Thousands of miles of undersea cables support our voracious demand for communication.

In the future, they also could reveal watery earthquakes.

In a startling finding in Monterey Bay, local scientists recorded seismic waves from a magnitude 3.4 earthquake near Gilroy as a long underwater fiber-optic cable strained and shifted.

“The cable moved with the seafloor, experiencing a small little stretch,” all captured by computer, said geophysicist Nate Lindsey, a UC Berkeley graduate student and lead author of the new research, published in Thursday’s issue of the journal Science.

The discovery suggests an important new use for the cables of our vast global undersea telecommunications network, laid by phone companies and also tech giants like Google, Amazon, Facebook and Microsoft.

These cables could serve as sensitive measures of Earth’s movement, allowing earthquake monitoring in hard-to-reach areas.

Inside the cables, buried just a few feet deep, are long glass fibers. On a stream of light, via photons, they carry our Internet and phone traffic – linking continents.

Fast, smooth and flawlessly, data rushes along these glass superhighways.

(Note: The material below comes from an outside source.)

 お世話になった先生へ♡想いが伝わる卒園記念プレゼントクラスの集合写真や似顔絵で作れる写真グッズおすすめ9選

It travels along the glass fibers at a steady rate of 10,000 to 100,000 laser pulses per second – until the earth shrugs.

Just a few nanometers of fiber movement upsets the parade of pulses.

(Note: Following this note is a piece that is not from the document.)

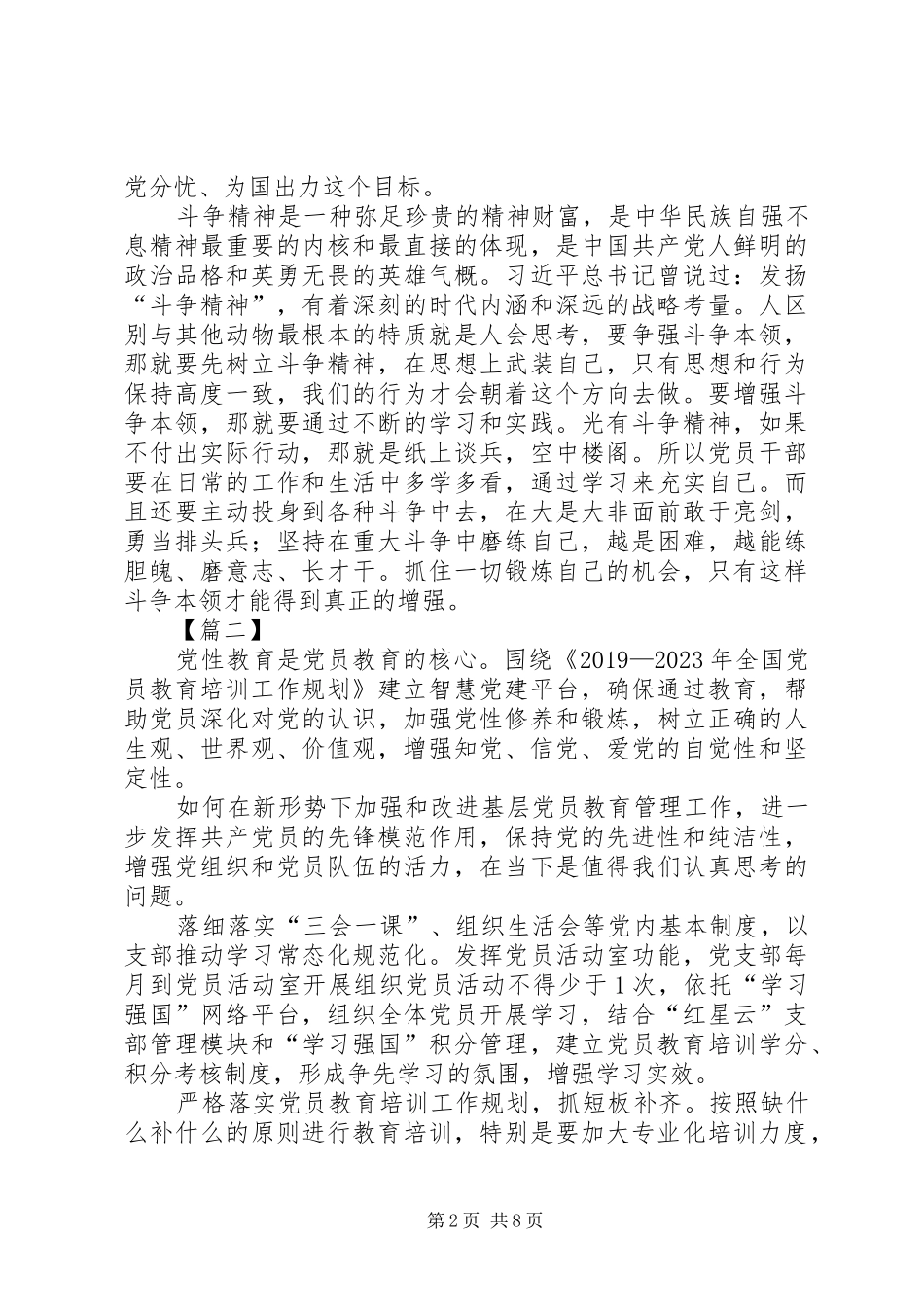 《20XX年－XX年全国党员教育培训工作规划》学习心得5篇_第2页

Lindsey was in the middle of a four-day experiment in March 2018 when Gilroy rattled.

With a team from UC Berkeley, Lawrence Berkeley National Laboratory, Monterey Bay Aquarium Research Institute and the Houston-based Rice University, he was studying signal transmission along a permanent research cable that stretches from Moss Landing out to the deep Monterey Canyon – across the major San Gregorio Fault and several smaller fault zones.

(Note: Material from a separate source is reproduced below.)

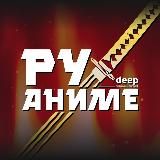 DEEP – аниме и не только!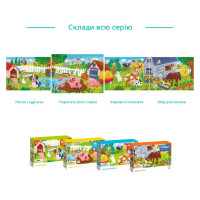 Дитячий пазл "Поросята біля ставка" 300682, 30 елементів DoDo Toys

To us, the earthquake was barely perceptible. Gilroy sits between three major fault lines – the Calaveras to the east, and the San Andreas and Sargent to the west – and is chronically restless.

But it created mayhem among the cable’s photons.

As the cable stretched, “the big train of photons, moving in a pulse, got knocked around, and sent back and forth,” said Lindsey.

“We see the wave front moving” as seismic energy flowed from its Gilroy epicenter out to sea, he said.

“Then we see the scattering” of light energy, especially where the cable stretched across the San Gregorio Fault Zone.

Almost instantly, a 12.5-mile stretch of undersea fiber-optic cable was serendipitously turned into the equivalent of 10,000 seismic stations along the ocean floor.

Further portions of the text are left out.